But FLA-187 has drawn the ire of the Civil Rights Commission When a tyrant or an organized crime boss issues an "invitation," the invited doesn't dare decline. In August of this year the United States Civil Rights Commission extended that kind of an invitation to leaders of the FLA-187 Committee, a grassroots immigration reform organization in Florida. FLA-187 is collecting signatures for a referendum similar to California's Proposition 187, a state measure which cut off welfare, education, and some public health benefits for illegal aliens. The Florida group's activities are legal, peaceful, and protected by both the U.S. Constitution and Florida state constitution. However, their efforts have earned the unwanted -- and constitutionally unauthorized -- attention of the U.S. Commission on Civil Rights. Leaders of FLA-187 were asked by the commission to appear at a federally sponsored hearing in Miami which would examine the role of their petition drive in creating "racial and ethnic tension" in Florida. The "invitations" came in the form of federal subpoenas which stated: "YOU ARE HEREBY COMMANDED to be and appear before the United States Commission on Civil Rights." They were further commanded "to bring with you and produce before said Commission ... any document, included but not limited to, reports, studies, memoranda, policy statements, press releases, and any other writings, produced by or on behalf of the Florida 187 Committee, Inc.," and materials which would include the names of key supporters of the proposed immigration referendum. "HEREOF FAIL NOT," the subpoena advised, "as you will answer your default under the pains and penalties in such cases provided for" in federal law.
Open Borders to Criminals
FLA-187 was created by Boca Raton attorney Rob Ross and a handful of dedicated volunteers, who have become alarmed by the escalating social and economic problems created in Florida by uncontrolled illegal immigration. Official estimates place the illegal immigrant population in Florida at 400,000, but this is considered a "soft" figure by students of the problem. Among that population can be found thriving criminal subcultures. Additionally, huge numbers of illegals receive welfare benefits from the state of Florida. Much of the state's illegal alien population is created by the pestiferous regime in Communist Cuba. The UN-imposed embargo and subsequent occupation of Haiti has further exacerbated Florida's problems. During the 1994 Florida governor's race, liberal incumbent Democrat Lawton Chiles capitalized on voter outrage over illegal immigration by suing the federal government for $1.5 billion to help offset the costs of being forced to subsidize illegals. However, Chiles has not taken action to address the problem of immigration, preferring instead to redistribute the costs of that problem to the nation at large. Rich Van Billard, a recently retired, highly decorated Metro-Dade police sergeant, is among those who have joined FLA-187's effort to deal with the problem of unchecked immigration. Twenty-five years of service on the streets of Dade County taught Van Billard some hard lessons about the link between immigration and escalating violent crime. He is convinced that the consequences of the immigration invasion are profoundly serious:
The federal government is responsible for our borders. They've failed miserably. I witnessed the consequences of the Mariel Boat Lift [in Florida]. Someone's not doing their job. When people see their government failing to meet its responsibility, then we have the right to petition our government for redress, and to make them do the right thing .... If we fail to gain control of our borders and destiny, then the greatness of America will disappear before our very eyes.

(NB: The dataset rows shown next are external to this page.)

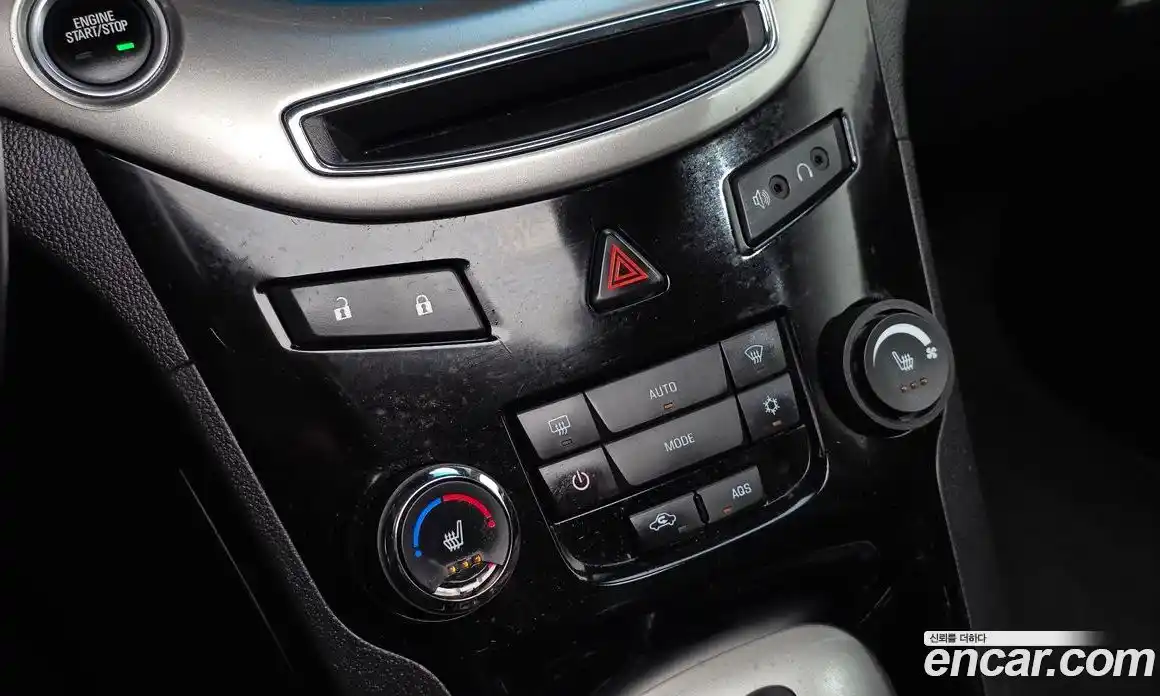 Chevrolet Orlando 2013 2.0 Автомат в Москве № 315269, фото 16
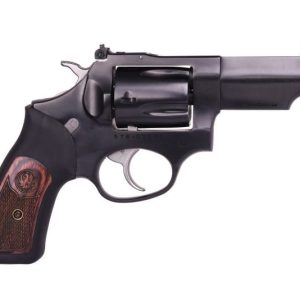 Ruger SP101 .357 Mag / .38 SPL 3" Barrel 5-Rounds - HANDGUNS - Miami Shooters Supply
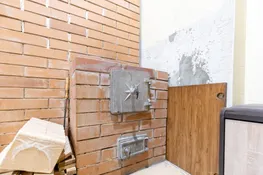 Kompakts vienistabas dzīvoklis Āgenskalnā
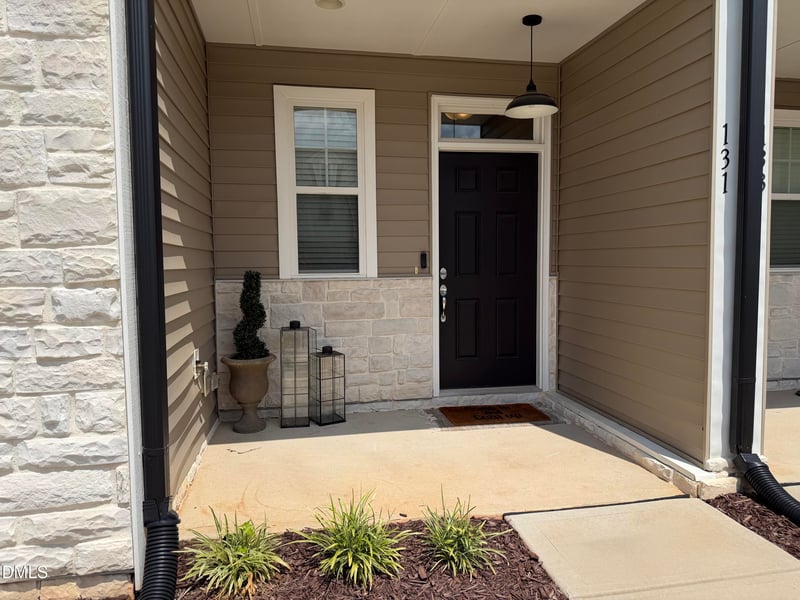 131 Mcdowell Ln, Mebane, NC 27302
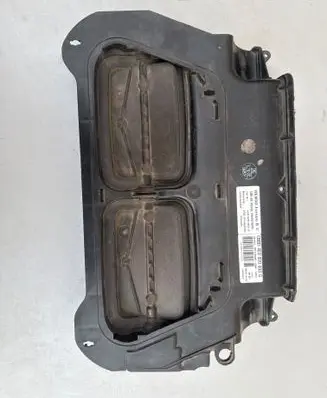 Audi A8 S8 D3 4E Other center console (tunnel) element 4E0820003G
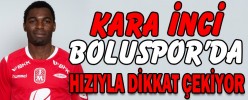 BENTLEY BOLUSPOR’DA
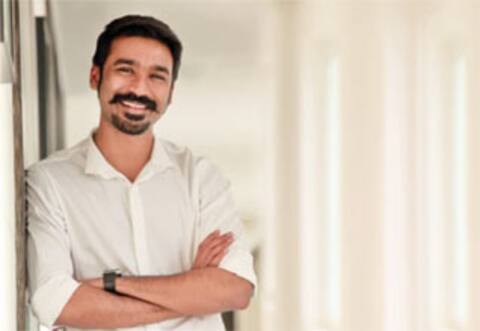 அடுத்தடுத்து புதிய படங்களில் தனுஷ்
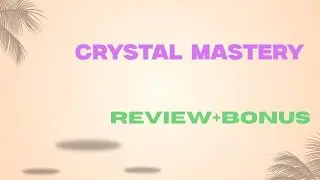 💎 Crystal Healing Mastery Review &ndash; Real Energy or Just Rocks? | Review Avenue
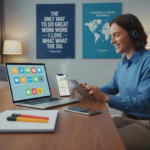 apps para aprender inglês rapido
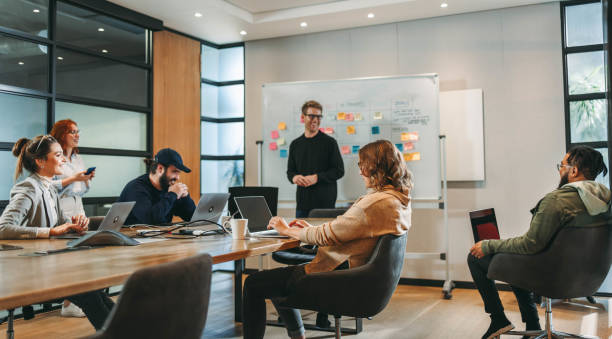 brainstorming techniques to generate innovative event topics in houston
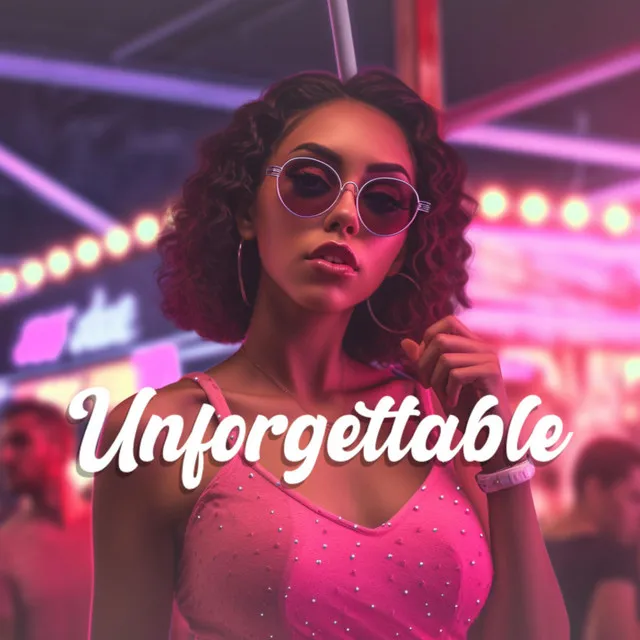 Unforgettable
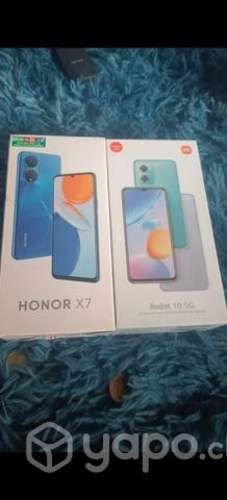 Telefonos xiaomi nuevos sellados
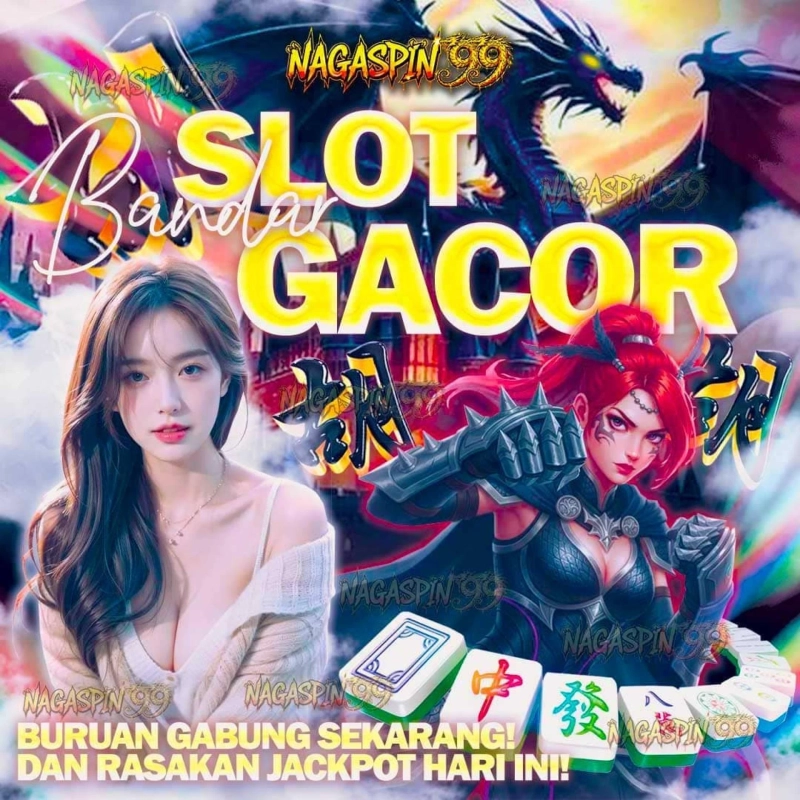 Nagaspin99 dan Dampaknya bagi Pengguna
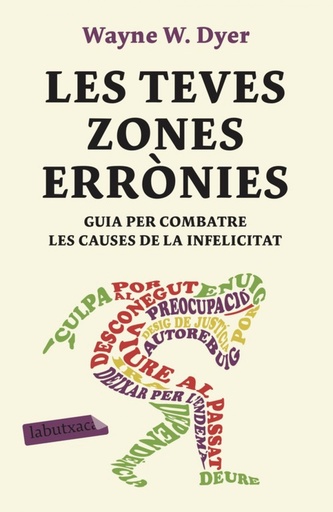 [9788417420888] LES TEVES ZONES ERRÒNIES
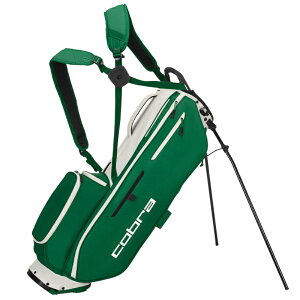 Cobra Golf 2025 Ultralight Pro Stand Bag �R�u���S���t 2025 �E���g�����C�g �v�� �X�^���h�o�b�O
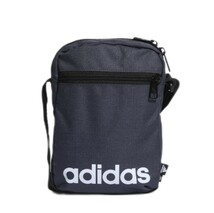 新品 アディダスadidas エッセンシャルズ オーガナイザー ショルダーバッグ ボディバック ユニセックス_画像1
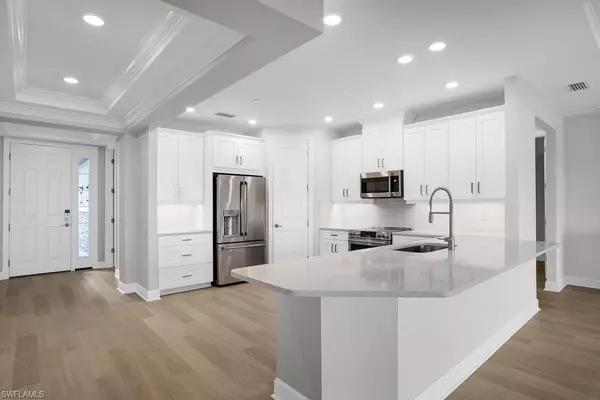 Naples, FL 34114,15324 Lucerna ST #102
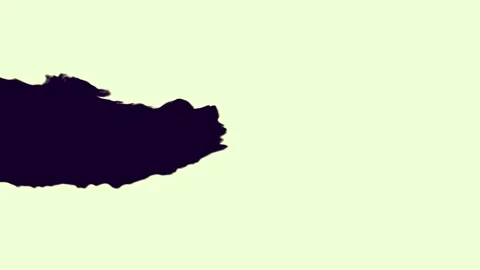 Green, White, Black Man and Tree on Green Screen Stock Footage 338043666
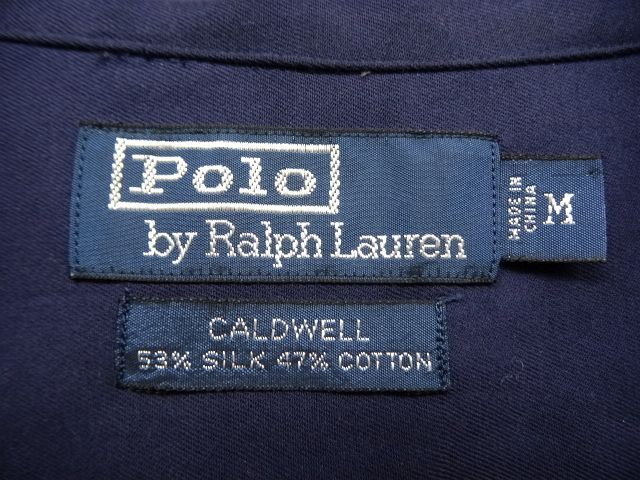 nina de coito 埼玉県 志木 通販 90s ヴィンテージ RALPH LAUREN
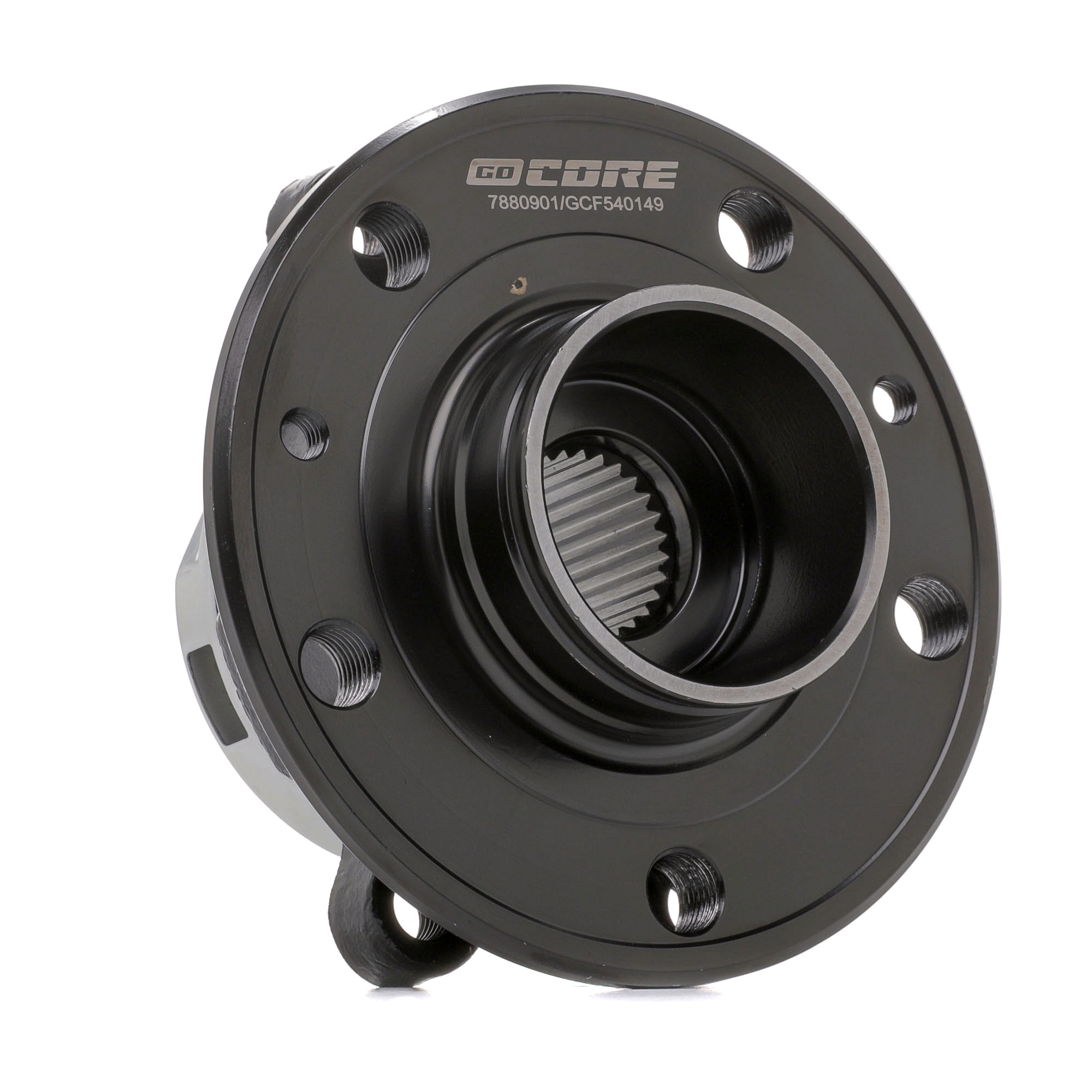 goCORE Radlagersatz Produkt Nr.: GCF540149 zum günstigen Preis von 113,88 € kaufen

In January of this year, FLA-187 registered with the state of Florida as a political action committee and began to draft four proposed amendments to the state constitution modeled upon California's Proposition 187. The proposed amendments would:
Exclude illegal aliens from public benefits and social services.
Exclude illegal aliens from public educational institutions.
Mandate state and local governmental entities to cooperate with immigration authorities in enforcing federal law.
Establish English as Florida's official language, and require that bureaucrats either develop a proficiency in English or lose their positions.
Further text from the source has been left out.